A particularly interesting case is given by the way languages structure the vocabulary referring to body parts. The human body and its parts are universally accessible referents across human populations, yet at the same time there are huge differences in the ways different human societies value, represent, or conceptualize them. This project aims at exploring body partonomy systems in a large sample of diverse languages with the goal of assessing candidate explanations for their differences and commonalities. Within this project there are four tasks (that could be taken up by the same or different students):

  • Unsupervised learning of discrete hierarchical data: the student will assist me in reviewing the SOTA methods to describe and infer network representations of data with hierarchical structure, with the final goal of deploying a method applicable to the type of data gathered for this project.

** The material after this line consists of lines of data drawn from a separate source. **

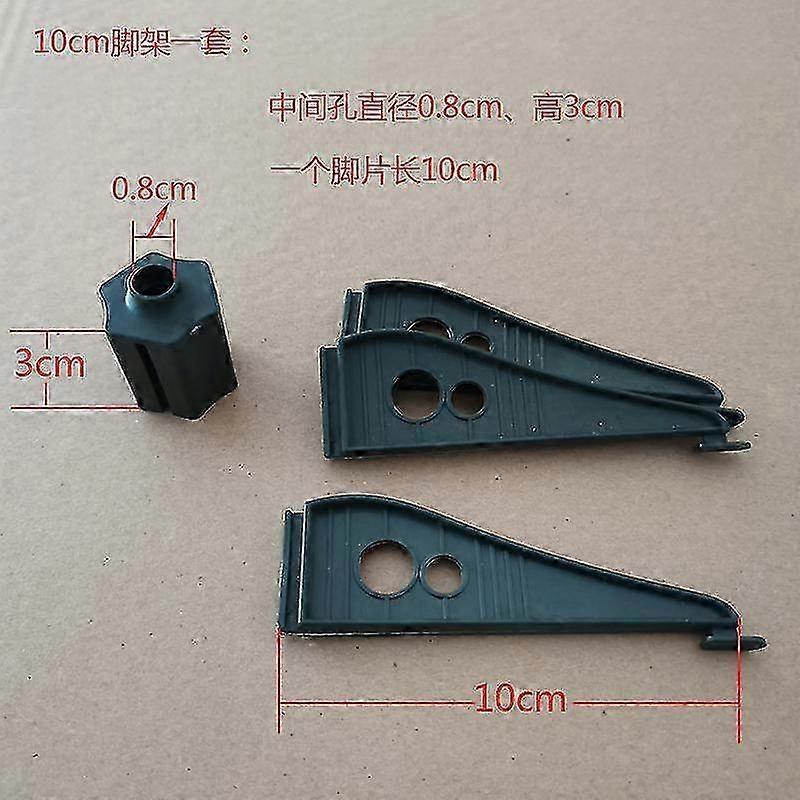 Plastic Christmas Tree Stand Artificial Christmas Tree Holder Base Stand Christmas Tree Accessory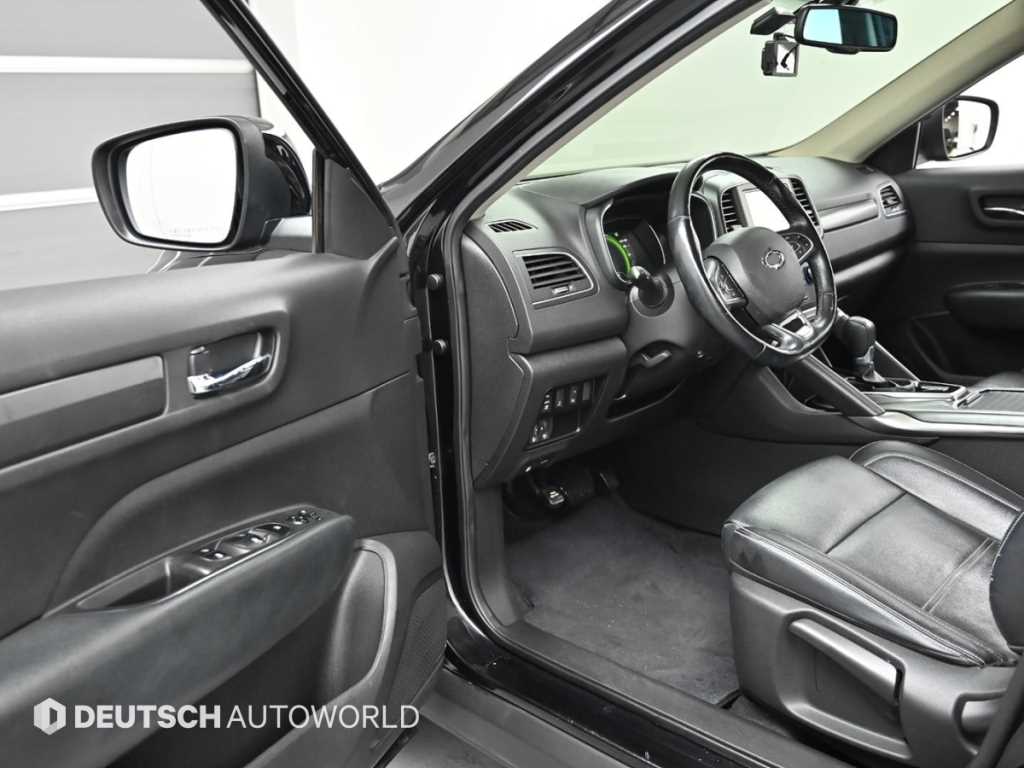 SAMSUNG QM6 - Vista 11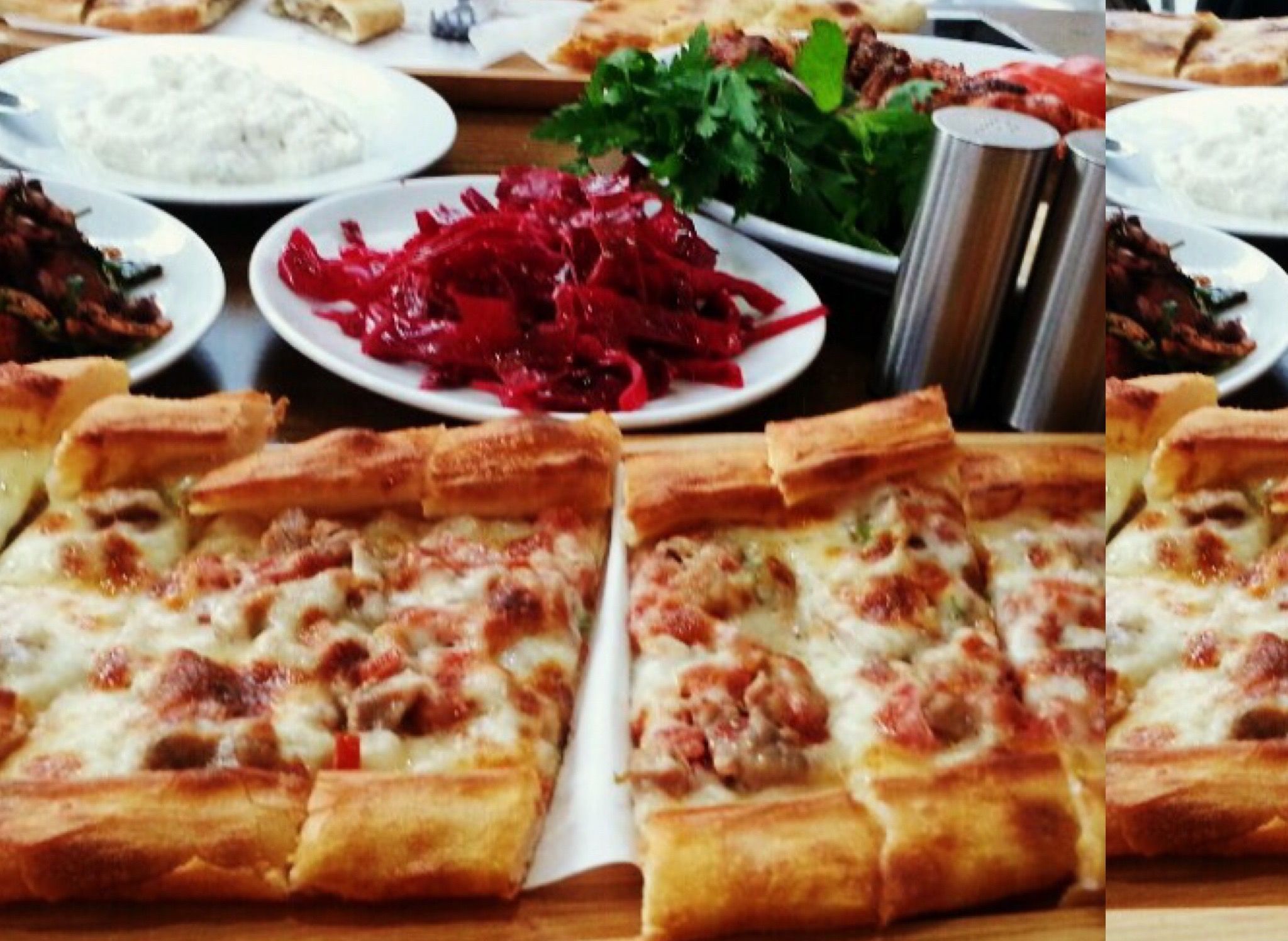 Karadeniz Pide & Kebap vendor logo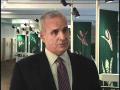 Getting to know Gov. Mark Dayton Getting to know Gov. Mark Dayton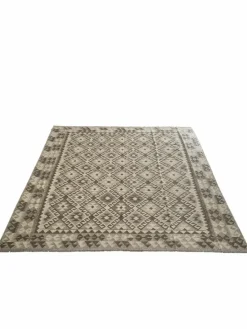 Kibek Afghan Kelim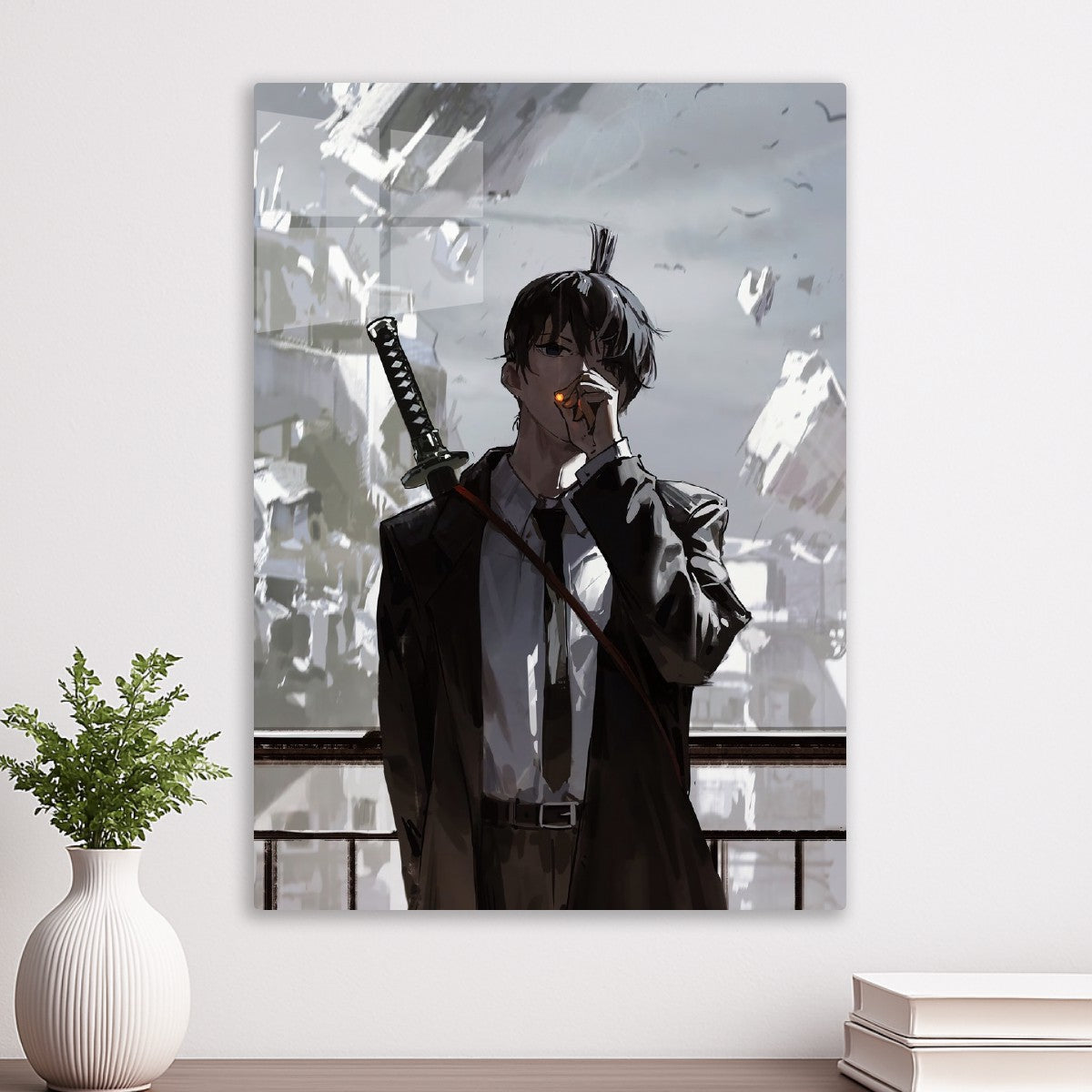 Chainsaw Man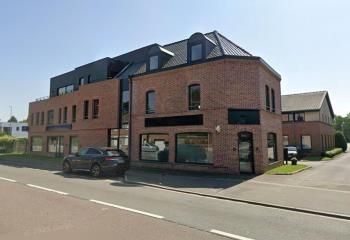 Location bureau - 163 m²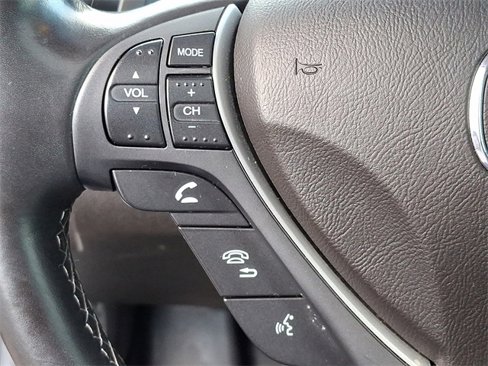 Used 2021 Acura ILX image 17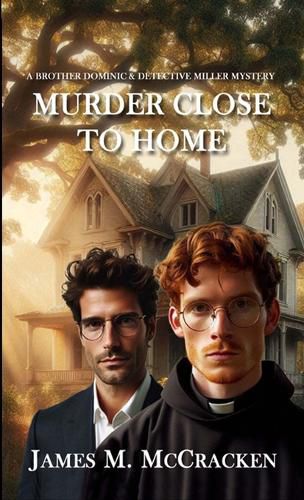 Cover image for Murder Close To Home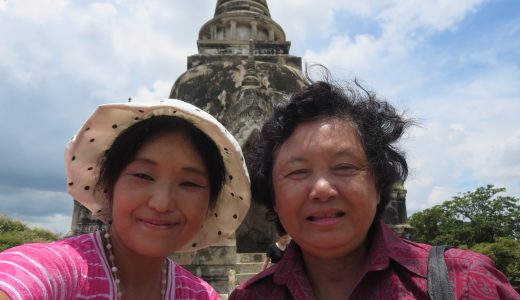 【体験談】微笑みの国タイでふれた優しさ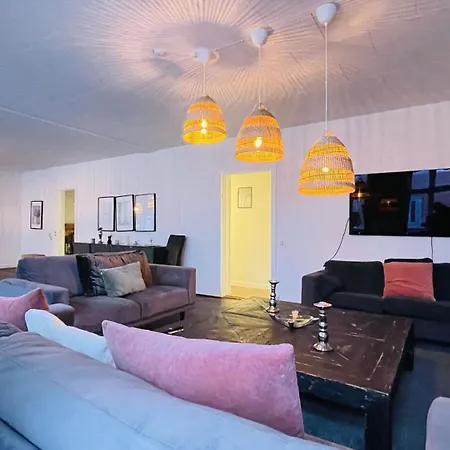 Apartmentincopenhagen 1667 Κοπεγχάγη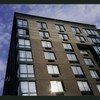 Block 080: Little West Street between Second Place and Third Place (west side)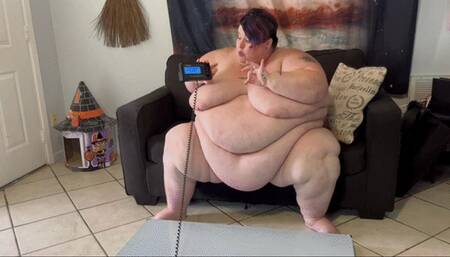 USSBBW Massive March Weigh-In HD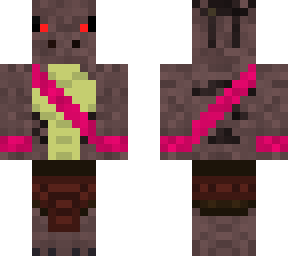 frost clan worker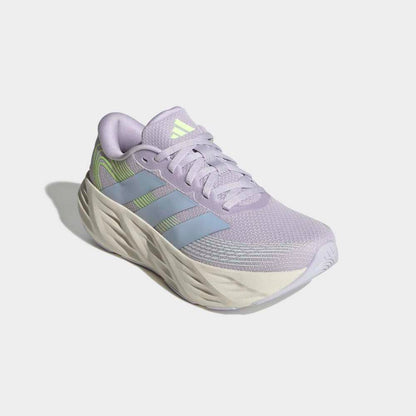 Zapatillas Adidas Galaxy 8 Mujer - Running | IH9789 Lila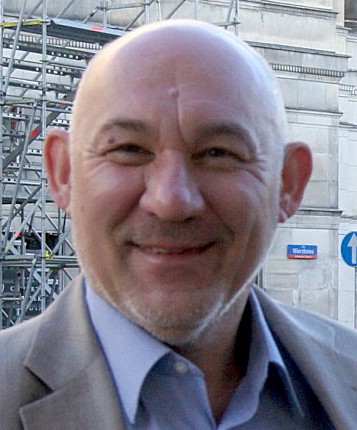 Andrzej Blumenfeld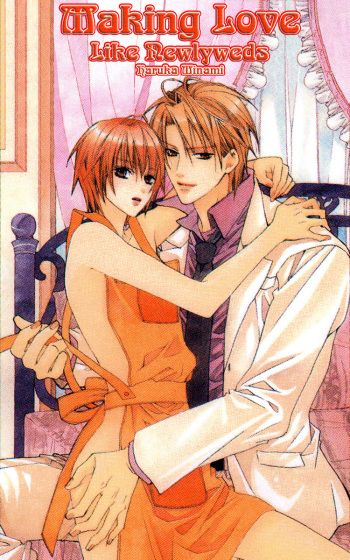 Making_love_like_newlyweds_[Liquid_Passion] cover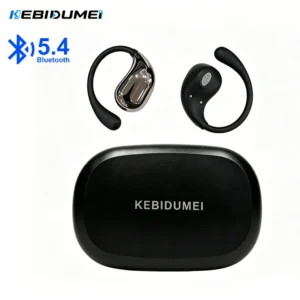 fone de ouvido bluetooth gancho de orelha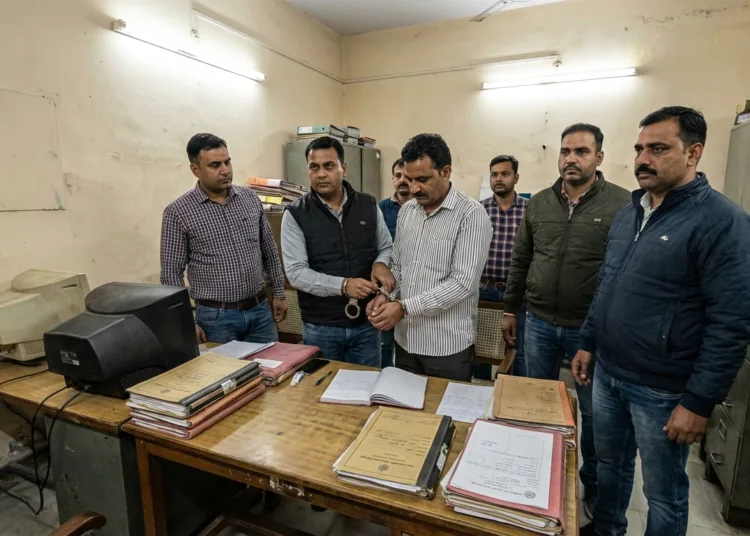 Punjab Vigilance Bureau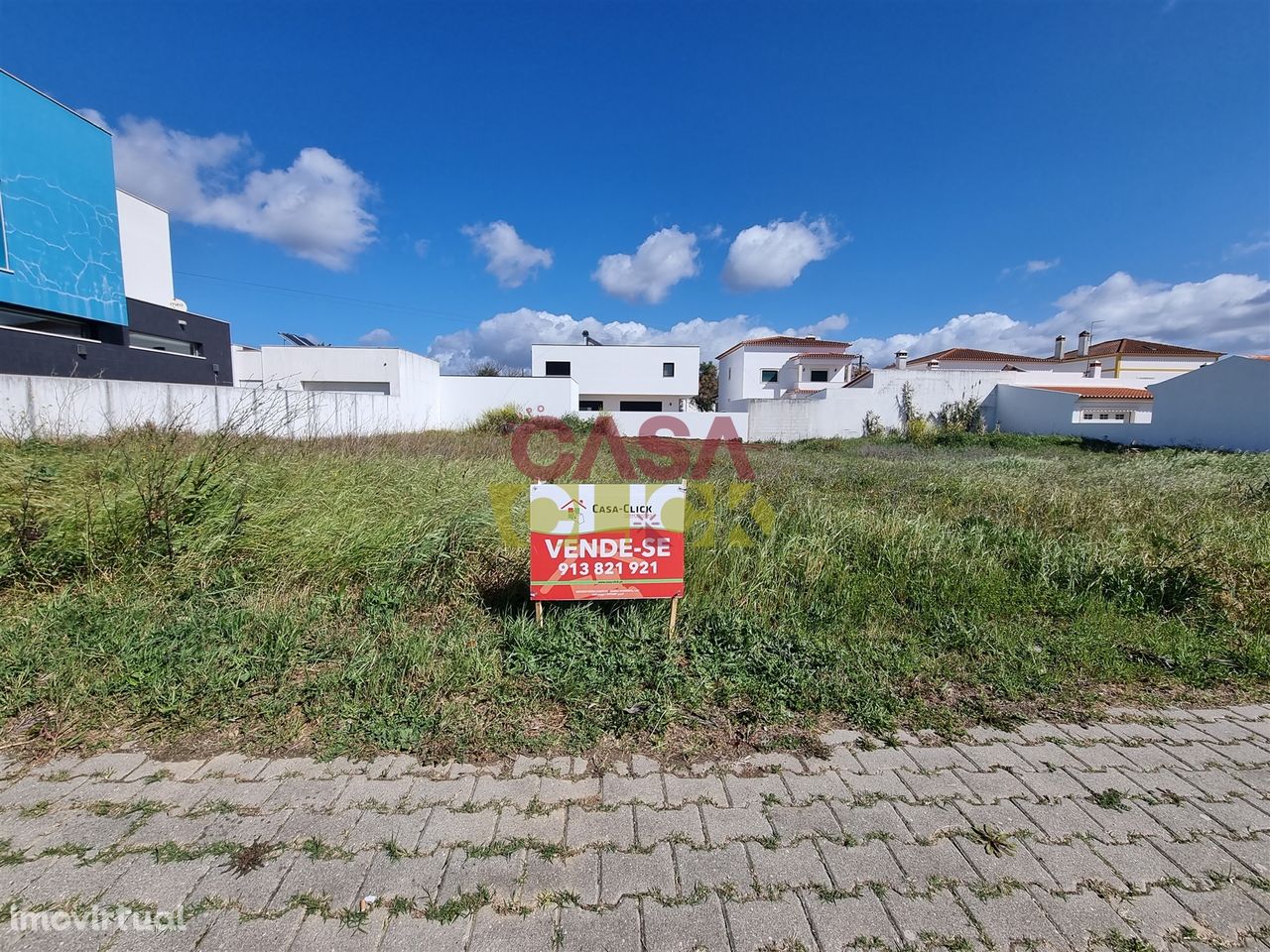 Terreno T3 Venda em Riachos,Torres Novas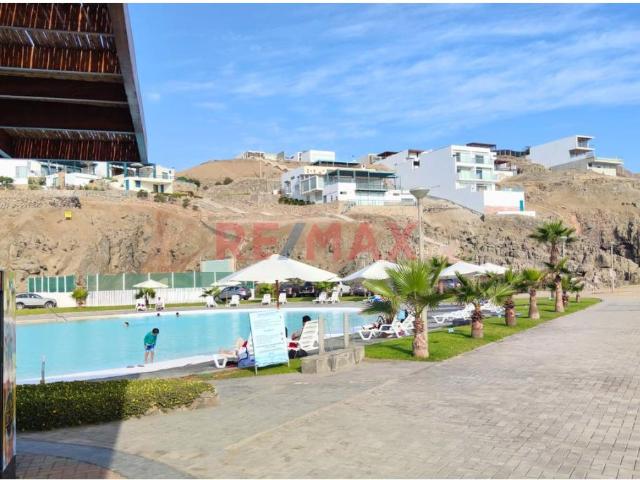 Terreno venta en Caleta Pucusana, Lima Metropolitana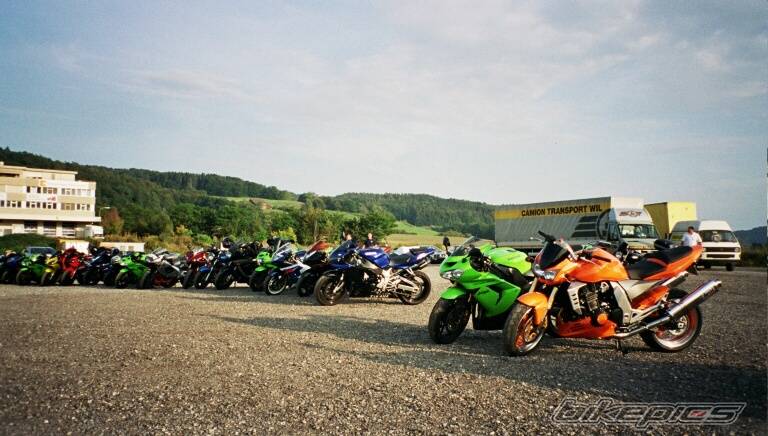 Bike Photo 518610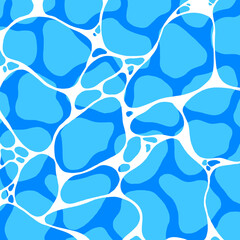 Water background 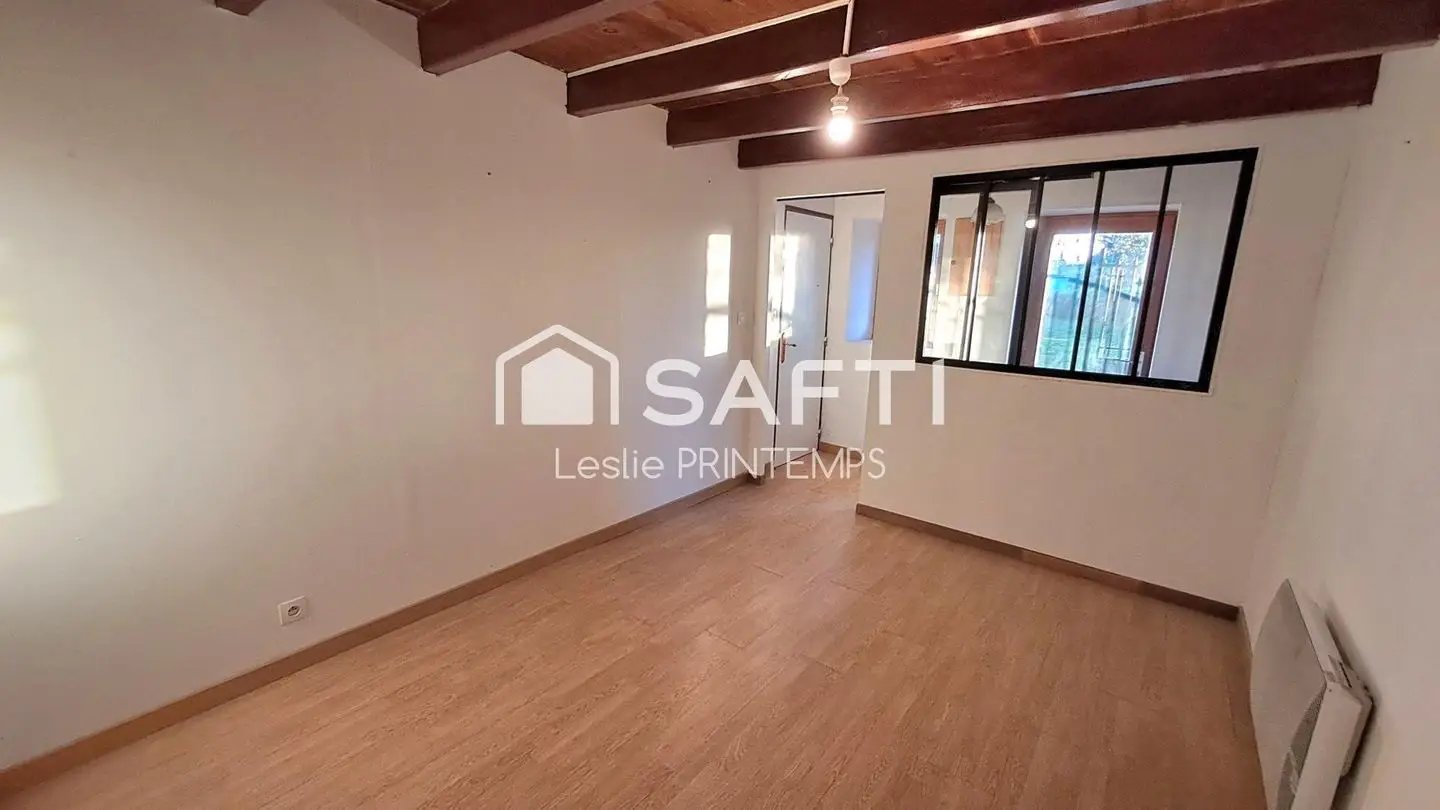 Maison à vendre, 115m², Le Busseau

Expected/preferred background: statistics, scientific computing (pref. R and/or Python), and network science.
  • Elicitation of body part terms: the student will be responsible for running simple elicitation tasks on body part terms involving informants in Cambridge on diverse native languages (pending approval of the ethics committee). Expected/preferred background: linguistics, cognitive science, psychology, or anthropology.
  • Literature review: a crucial aspect of the project is to delimit very clearly what are the competing hypotheses proposed to explain the regularities and differences across body partonomies. The sources of these hypotheses are very diverse, ranging from the study of human perception and cognition to the neuroscience of action and lexical semantics. The selected student will assist me in reviewing such literature with the goal of producing a comprehensive and testable set of competing hypotheses. Expected/preferred background: linguistics, cognitive science, psychology, or anthropology.
  • CL resources and corpora: most of the data available for the present project comes from vocabulary lists of a large number of languages, yet relevant data on how body part terms are used is lacking. The student will help me exploring available methods and resources to leverage multilingual corpora with the aim of complementing the evidence coming from dictionaries and word lists. Expected/preferred background: computational linguistics.
  • In general, I look for highly motivated students with interest in language and languages, and a necessary drive to work on a complex topic where flexible project goals are to be expected. In return the students will take part in a highly interdisciplinary project and will be exposed to the whole process of scientific production starting from the delimitation of the hypotheses to the publication of the results. If a publication results from the project they will have the opportunity to become co-authors.